For the entries below, copy exactly the line that contains "Beautiful girl model" through the line that contains "Lot 1369 - A", both ends included, and exclude all pictures.

====== Records to process

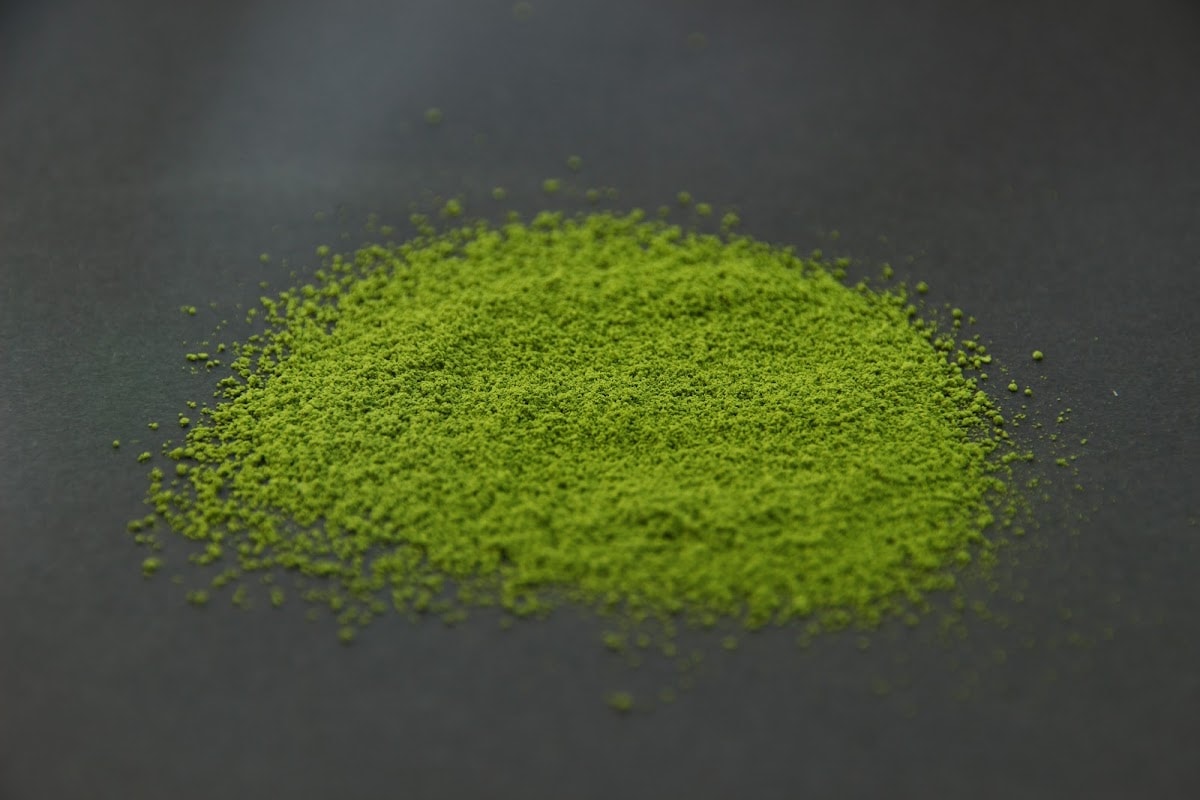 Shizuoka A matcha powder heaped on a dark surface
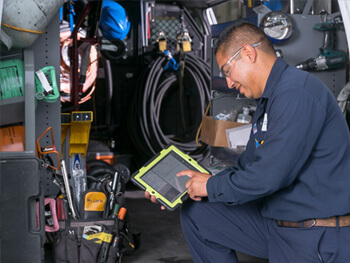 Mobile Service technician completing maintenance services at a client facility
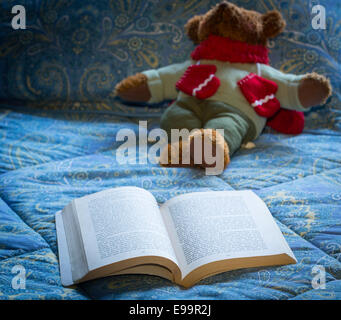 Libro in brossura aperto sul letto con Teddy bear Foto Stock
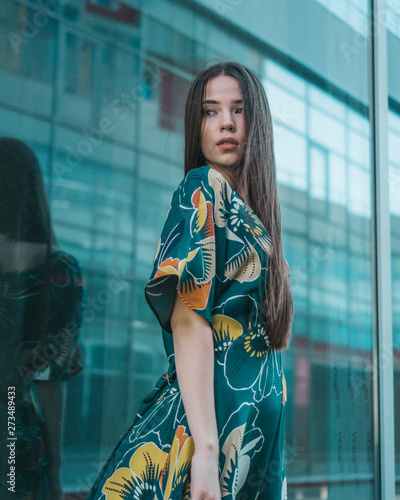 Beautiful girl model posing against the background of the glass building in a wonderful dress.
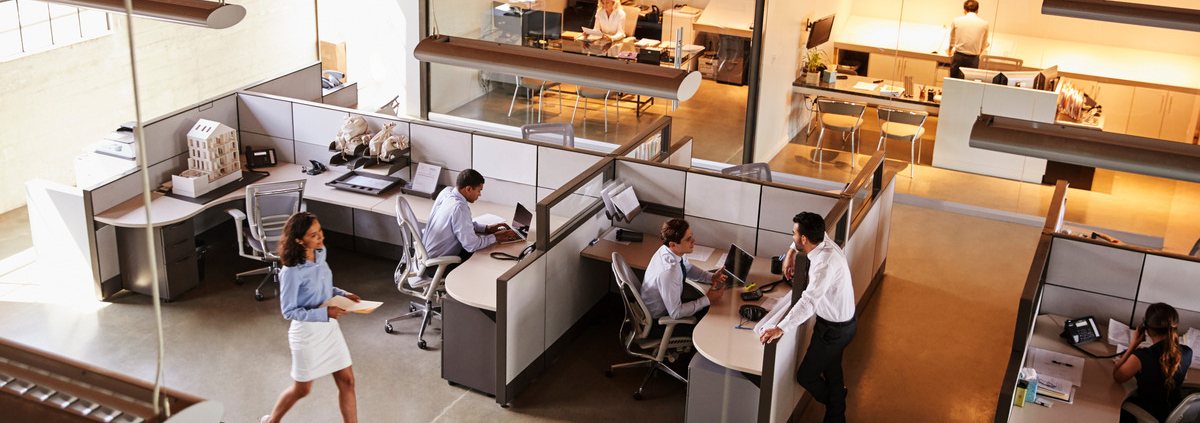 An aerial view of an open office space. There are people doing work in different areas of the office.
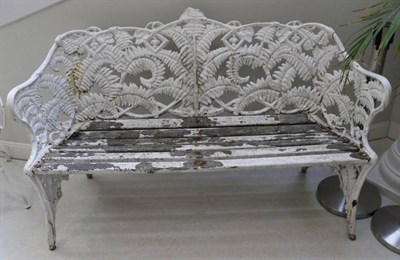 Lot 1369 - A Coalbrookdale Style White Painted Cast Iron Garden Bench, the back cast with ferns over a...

============
====== Records to process

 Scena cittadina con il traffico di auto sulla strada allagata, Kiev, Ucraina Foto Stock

============

- **Exercise result**:
 Beautiful girl model posing against the background of the glass building in a wonderful dress.
 An aerial view of an open office space. There are people doing work in different areas of the office.
 Lot 1369 - A Coalbrookdale Style White Painted Cast Iron Garden Bench, the back cast with ferns over a...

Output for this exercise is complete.